Su meta era que todos fuéramos a la universidad, lástima que antes de
cumplir yo los 15 años se murió. Quizá
porque era masón se dedicó a cultivar en nosotros el amor a la lectura (en vez
de cochecitos y muñecas nos compraba libros), el deseo de conocer y saber
siempre más.
En cambio a mamá no le importaba mucho que fuéramos o
no a la escuela. Ella prefería seguir a
papá donde quiera que lo enviaran:
construir una carretera o un puente, cerca de algún pueblo o en mitad
del cerro. Nosotros lo disfrutábamos, pues corríamos libres por
el campo, nos subíamos a los árboles, nos metíamos en los riachuelos que
encontrábamos… en una palabra, éramos felices viviendo como chivas locas. Cuando papá regresaba del trabajo, aunque
debió estar bastante cansado, se ponía a darnos lecciones y nos dejaba tarea,
para no atrasarnos con respecto a los niños que sí iban al colegio. No cabe duda que fue un tipo especial. Yo pienso ahora que esos contrastes eran los
que tenían a mamá “embrujada”.
En una ocasión, el abuelo que se había cambiado a una
casa frente a la nuestra, me enseño un baúl repleto de cosas que había ido
guardando, más que nada por razones sentimentales. Las fotos me llamaron mucho la atención: los hermosos
vestidos de las tías, los muebles tan elegantes de la casa en que vivió, con preciosos jardines. Hasta entonces conocí el señorío en que
vivieron mis antepasados. También había una camisa suya de seda (para
qué la guardaba?), un vestido de la abuela en gasa azul pavo con ramilletes de
flores en terciopelo (¡qué hermosura!).
Había mil chucherías más en aquel ‘cofre de los tesoros’ y todos a cual más de
interesantes (y cada uno con su historia propia).
Cuando cavilo
sobre todo aquello, no entiendo cómo es que mamá prefería vivir en pleno monte,
en vez de la casa que teníamos en la ciudad.
Aunque ella estaba pequeña cuando la familia se vino abajo
económicamente, algo de la prestancia, la educación, el buen gusto por lo
refinado debió quedarle. Quizá las ‘exigencias sociales’ de la familia fueron
una carga muy pesada para ella, o simplemente nació con alma cerera. Es una
de las muchas cosas que le preguntaré cuando nos volvamos a ver.

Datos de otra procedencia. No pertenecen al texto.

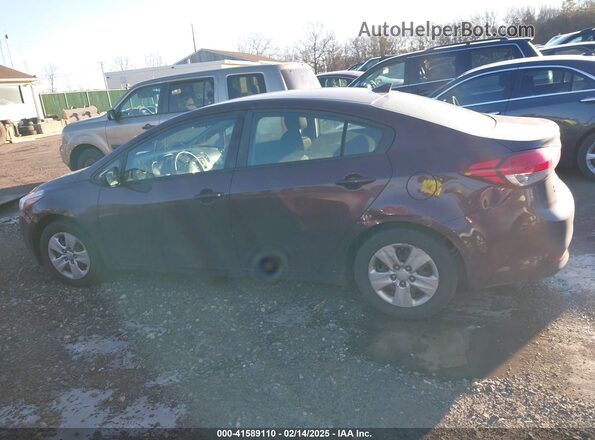 3KPFK4A73HE047646 2017 KIA FORTE Maroon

En muchas ocasiones me hubiera gustado hablar con papá
para saber qué pasaba en su interior, por qué en un instante se
enfurecía de tal manera por cualquier insignificancia. Como cuando mi hermano Miguel, que
entretenido con sus juguetes y con apenas 8 años, no escuchó que le pedía le
trajera algo. Al ver que no hacía caso,
se volteó con un formón en la mano, lo tomó de la camisa, lo levantó y ya iba a
asestarle el golpe, cuando seguramente vio la carita desconcertada del hijo,
que con sus ojos le preguntaba qué había hecho.
Porque algo lo contuvo, lo soltó y salió de la casa a toda prisa. ¿Se iría a llorar lejos para que nadie lo
viera? Nunca lo oí pedir perdón, pero
estoy segura que sufría mucho al emerger de esas crisis de rabia ciega y darse
cuenta de lo que había hecho o había estado a punto de hacer. Estoy segura que nos quería mucho, tanto que
el recuerdo que guardo de él, a pesar de los continuos combates que
presenciábamos, es de amor y no de odio, es de admiración y no de miedo.

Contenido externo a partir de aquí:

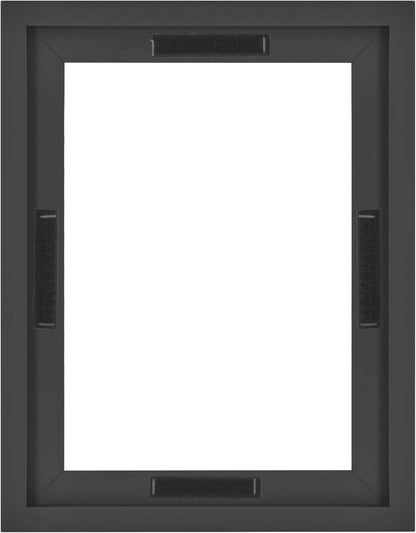 MCS Canvas Float Frames 8x10 Frame, Black Frame for Finished Canvases, Vertical & Horizontal Wall Hanging Frame with Adhesive for Canvas Paintings (1-Pack)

Hoy, en otro aniversario más de su muerte y no sé ni
por qué precisamente ahora, han
regresado los fantasmas de aquella época, buenos y malos, tristes y alegres. Aquellas vivencias infantiles, tan llenas de
lagunas, incógnitas, preguntas e incongruencias, que se quedaron flotando en el
tiempo suspendido del pasado. Preguntas,
tantas, que podré hacer quizá, cuando llegue mi paso al otro lado, para aclarar
todo aquello que en su momento me hubiera gustado haber comprendido.